Im Raum steht ein Tisch, an diesem sitzt ein Mann mit nacktem Oberkörper und Lockenkopf, beides golden besprüht, vor ihm ein Schachbrett. Ein Lautsprecher trägt nach draußen, was drinnen zu hören ist: Musik. Alle möglichen Stücke und Genres werden angespielt – jeder Anfang eine Möglichkeit, aber aller Anfang ist schwer, also wird erstmal über das Anfangen an sich nachgedacht: „Für die Mitte wäre ein passender Anfang ein Gedicht“. Und tatsächlich taucht in der Mitte der Erlkönig auf, aber davor wird ausgiebig über „Territorium und Identität“ philosophiert: imperialistische Kräfte, Handtücher am Strand, Identität, Angst…

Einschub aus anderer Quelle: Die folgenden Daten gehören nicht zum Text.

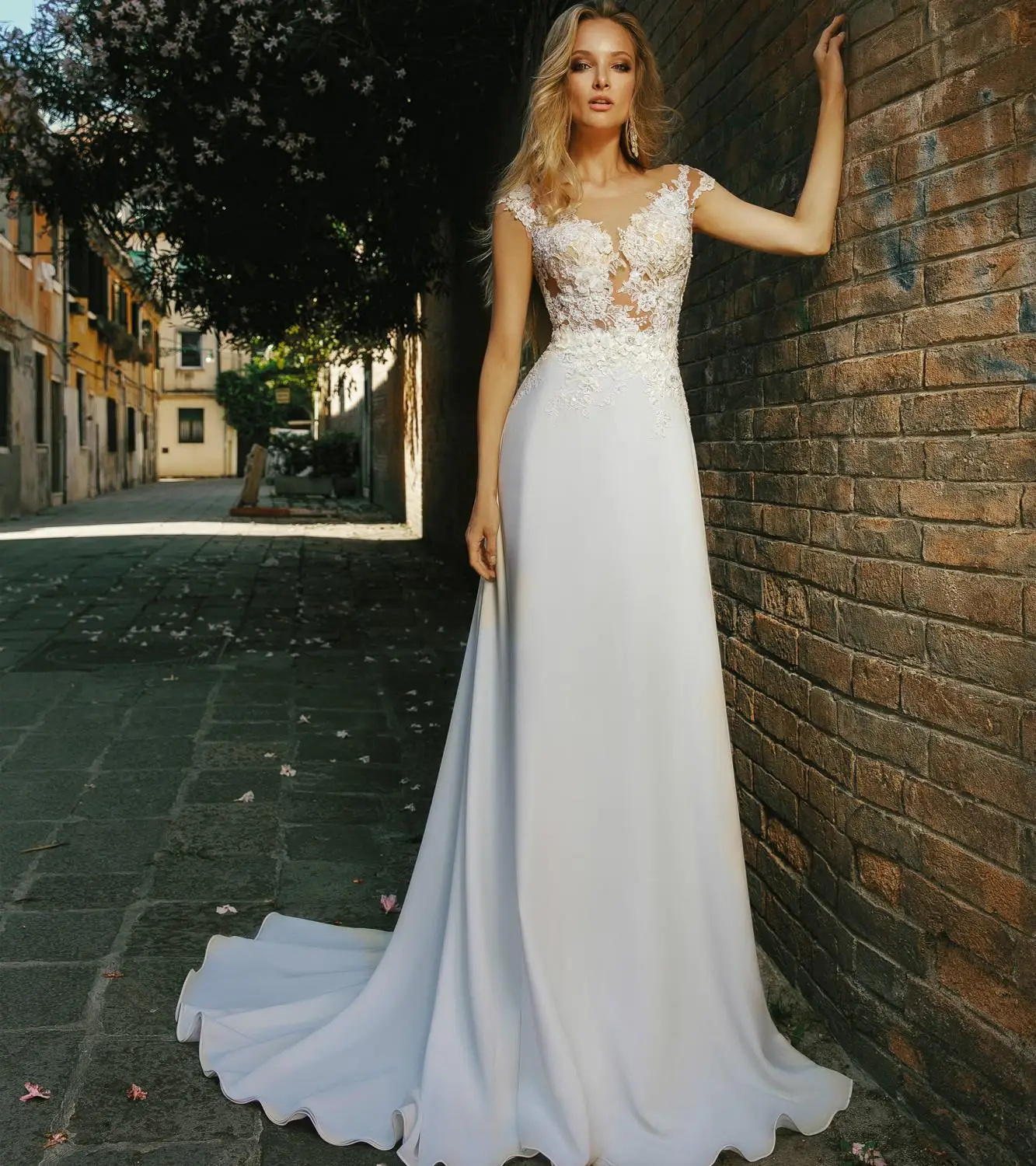 

Новый дизайн сексуальные свадебные платья русалки 2020 без рукавов длиной до пола кружевные свадебные платья из шифона Vestido de noiva Robe mariage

Wenn einer eine Reise tut, so kann er was erzählen. Barbara Balsai wandert in ihrem Kopf umher und sammelt dabei Gedanken wie bunte Steine vom Boden auf. Aus diesen Steinen legt sie ein Textmosaik, eine Art „stream of thinking“ – in sich schlüssig, aber schon wenige Minuten später nicht mehr nachvollziehbar, weil ohne abschließendes Ergebnis und überhaupt eher einem subjektivem Sinn als den Gesetzen der Logik folgend.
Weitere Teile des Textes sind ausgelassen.